§ **Data shown**
Content starts

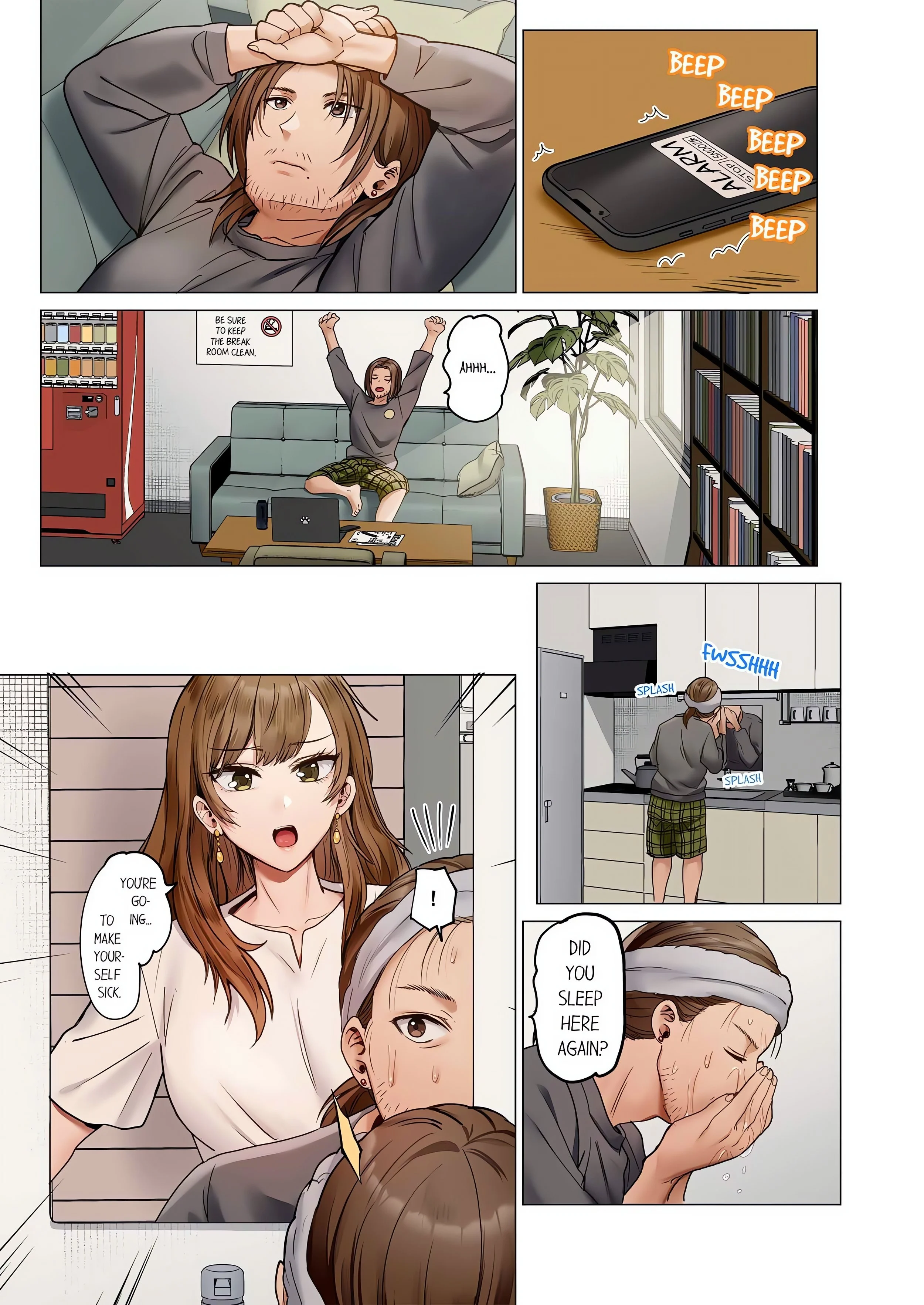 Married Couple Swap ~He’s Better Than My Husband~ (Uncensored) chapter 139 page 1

Content ends
Content starts

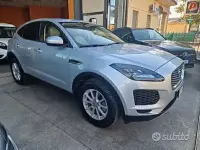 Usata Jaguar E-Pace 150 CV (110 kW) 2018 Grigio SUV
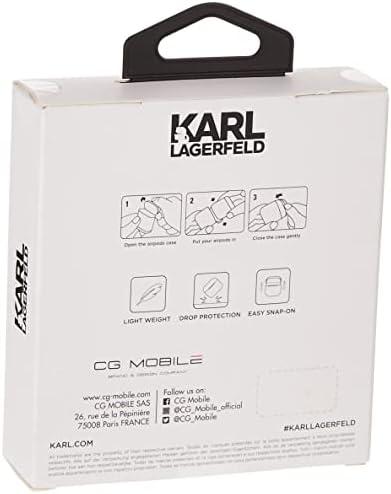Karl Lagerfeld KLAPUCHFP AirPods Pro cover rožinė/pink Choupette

Content ends

§ **Required work**
Could you output exactly the lines above, from the line with "Usata Jaguar E-Pace" up to and including the line with "Karl Lagerfeld KLAPUCHFP", and nothing else, skipping the pictures?

§ **Response area**
 Usata Jaguar E-Pace 150 CV (110 kW) 2018 Grigio SUV
Karl Lagerfeld KLAPUCHFP AirPods Pro cover rožinė/pink Choupette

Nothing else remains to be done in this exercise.